Beherzter Eingriff per Photoshop: Wie der Kommunikationschef des Vatikans einen Brief manipulierte, um Harmonie zwischen Papst Franziskus und seinem Vorgänger Benedikt zu inszenieren.

Von Oliver Meiler

Manchmal ist es eben doch ein Problem, dass es zwei Päpste gibt. Das liegt, Gott bewahre, nicht an den beiden Herrschaften selbst: Benedikt XVI. und sein Nachfolger Franziskus sind trotz augenfälliger Unterschiede in Wesen und Stil stets darum bemüht, harmonisch miteinander umzugehen. Zuweilen aber verursachen ihre Entouragen Konfusion, die Gemüter der beiden Anhängerschaften entzünden sich leicht an kleinen Intrigen und Polemiken. Diesmal ist es etwas mehr. Verhandelt wird ein Fall von offenbar plump erschlichener Werbung.

Vergangene Woche, als Franziskus' Pontifikat fünf Jahre alt wurde, präsentierte der Vatikan eine Reihe von elf Büchlein, die sich dem theologischen Wirken des Argentiniers widmen. Zu dessen Ehre. Der Chef der vatikanischen Kommunikation, der Italiener Dario Edoardo Viganò, las dazu ein Schreiben vor: einen Brief vom Vorgänger nämlich, der sich wie allerbeste Werbung anhörte. Benedikt schreibt darin, es sei ein "törichtes Vorurteil", dass Franziskus ein "Praktiker ohne theologische und philosophische Bildung" sei. Und genauso töricht sei das Klischee, dass er, Benedikt, ein "lebensferner Theoretiker" gewesen sei. In Wahrheit verbinde die beiden Pontifikate "eine innere Kontinuität".

Viganò las noch eine weitere Passage vor. Darin hieß es, Benedikt habe zur Einführung der Reihe keinen Essay schreiben können, weil er das nur dann tue, wenn er die Werke auch wirklich gelesen habe. Dazu sei er in diesem Fall aber "auch aus körperlichen Gründen" nicht imstande. Wer möchte ihm das verdenken, Benedikt ist bald 91. Der Vatikan legte ein Foto des Briefs zur Pressemitteilung. "Un regalo", nannten ihn die italienische Medien, ein Geschenk zum Fünfjährigen vom alten für den amtierenden Papst. Es fehlte nur die Schleife.

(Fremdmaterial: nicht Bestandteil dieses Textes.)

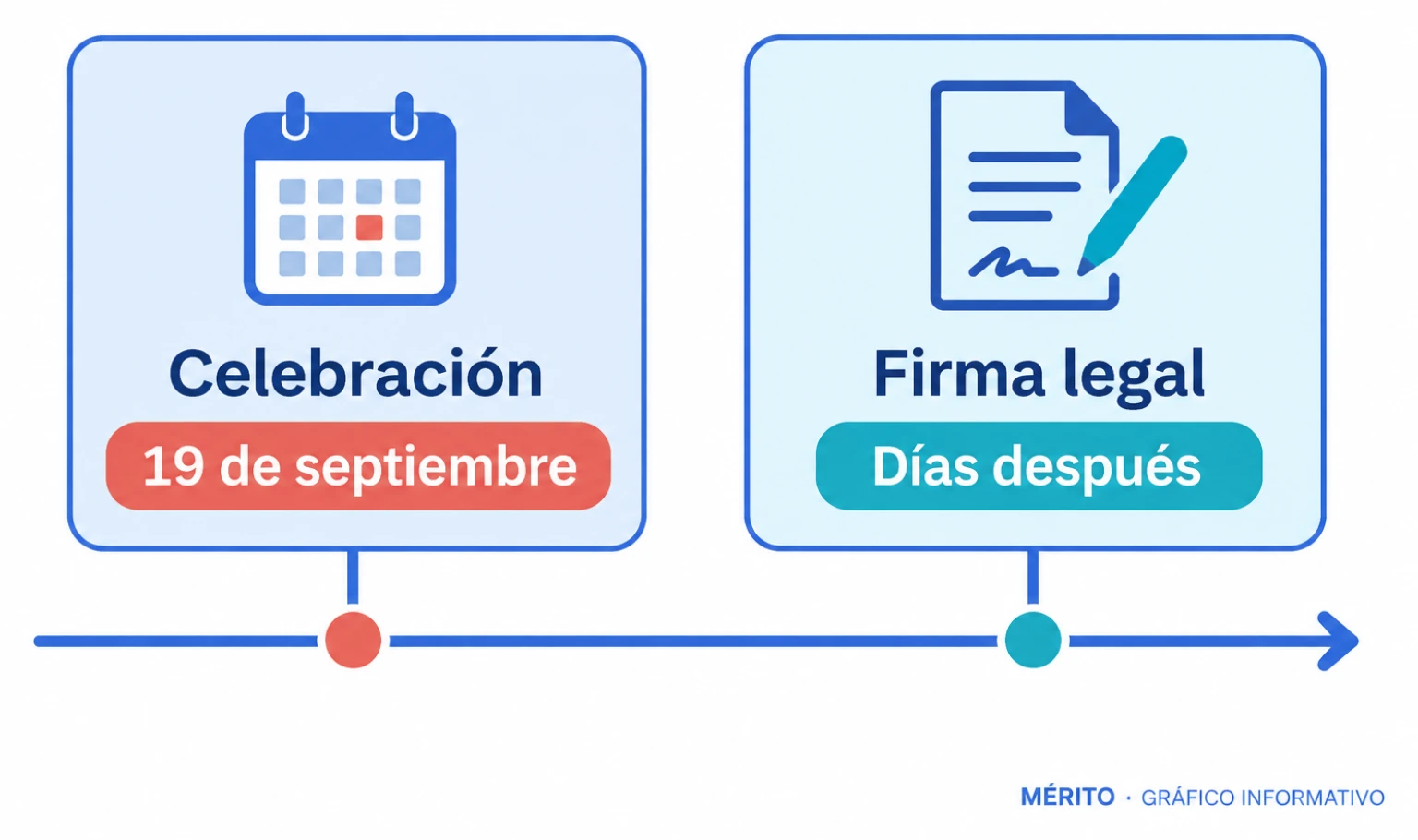 La celebración de Anna Ferrer y Mario Cristóbal tuvo lugar el 19 de septiembre; la formalización ante notario llegó días después.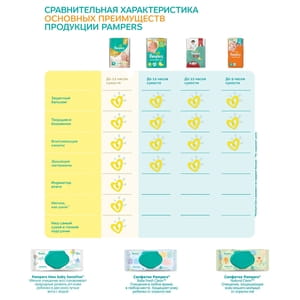 Підгузки для дітей PAMPERS Active Baby-Dry (Памперс Актив Бебі-драй) 3 від 5 до 9 кг 58 шт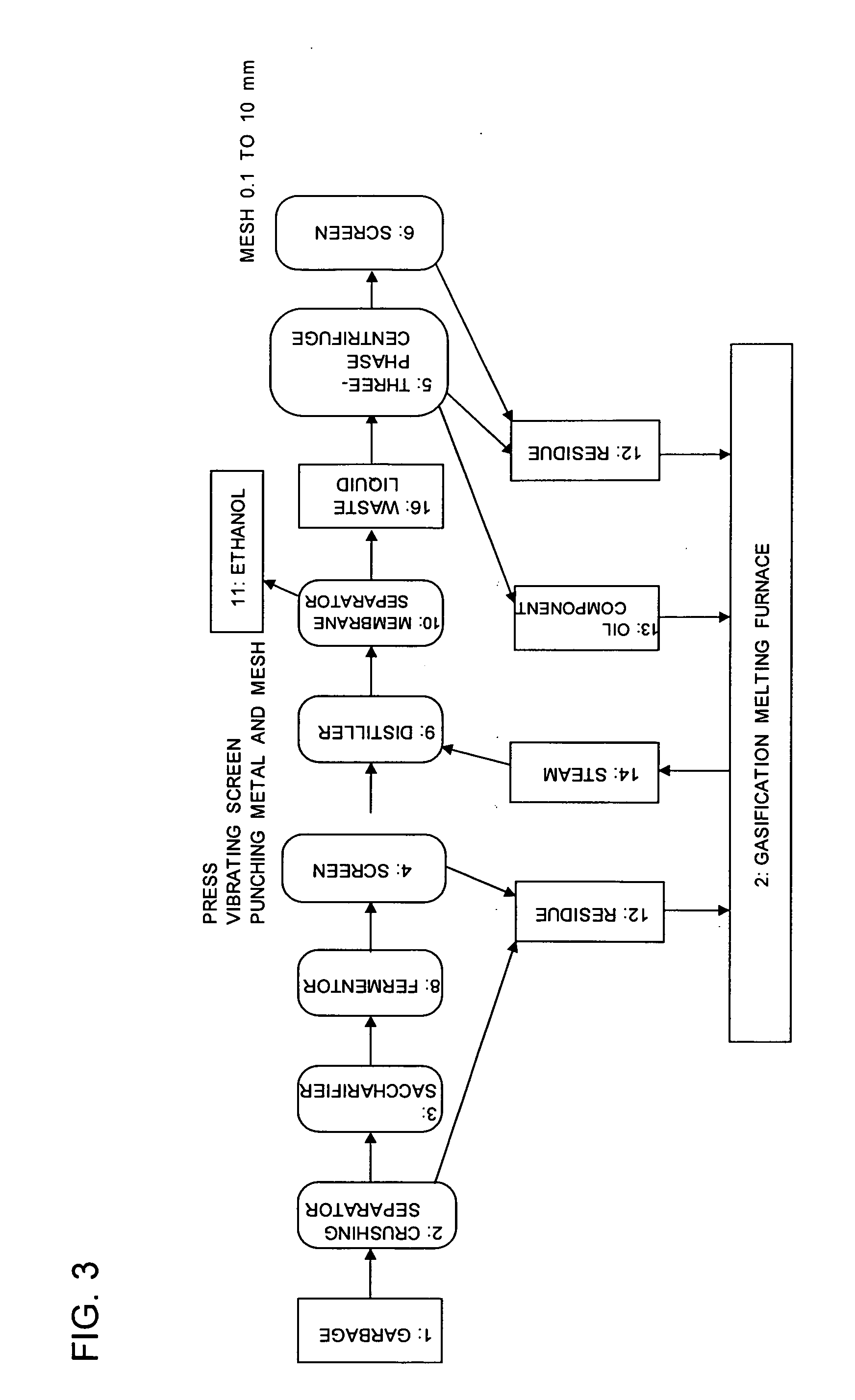 Method for recovering and producing ethanol and oil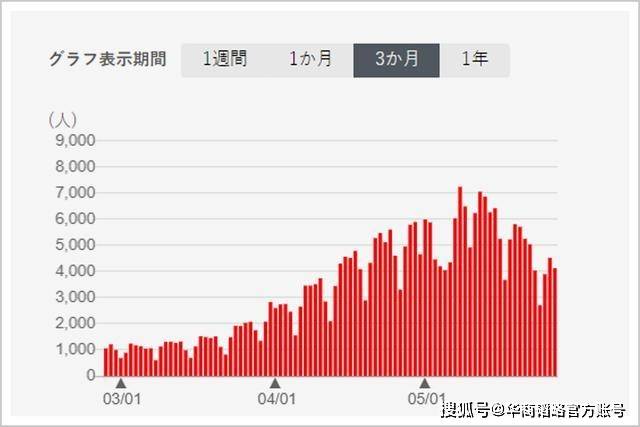 日本疫苗 又双叒叕翻车了 接种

Eigenartig aber war, dass die letzten Zeilen per Photoshop unlesbar gemacht worden waren. Als Viganò nach dem Grund gefragt wurde, ließ er ausrichten, man habe nur publiziert, was dafür angemessen zu sein schien. Auf dem Briefumschlag habe der Vermerk "persönlich" gestanden. Daran habe man sich gehalten. Von Manipulation könne keine Rede sein.

Die Erklärung warf erst recht Fragen auf: Wollte Benedikt nicht, dass der Brief an die Öffentlichkeit kommt? Und wenn doch: Wusste er, dass ein Teil davon verdeckt würde? Vor allem: Was stand in diesen zwölf Zeilen am Ende des Schreibens?

Am Wochenende wurde auch dieses Rätsel gelöst. Sandro Magister, ein italienischer Vatikanexperte, berichtete auf seinem Blog "Il settimo cielo" (Der siebte Himmel), Benedikt führe in der ominösen Passage einen weiteren Grund an, warum er die Büchlein nicht lesen werde. Eines der kleinen Werke, schreibt Benedikt, sei von einem deutschen Theologen verfasst, dem emeritierten Tübinger Professor Peter Hünermann, der früher "antipäpstliche Initiativen" angeführt habe. Oder anders: Der Papst im Ruhestand bewarb die Bücherreihe zu Ehren Franziskus' nicht etwa, sondern er kritisierte die Auswahl einiger Autoren. Die schönen Worte zu Beginn des Schreibens sollten die Kritik wohl etwas versüßen.

Viganò war nun gezwungen, den Brief in voller Länge zu veröffentlichen. Ohne Weichzeichnungen. Vom Geschenk ist nicht viel übrig geblieben, nur das Gift des Zweifels.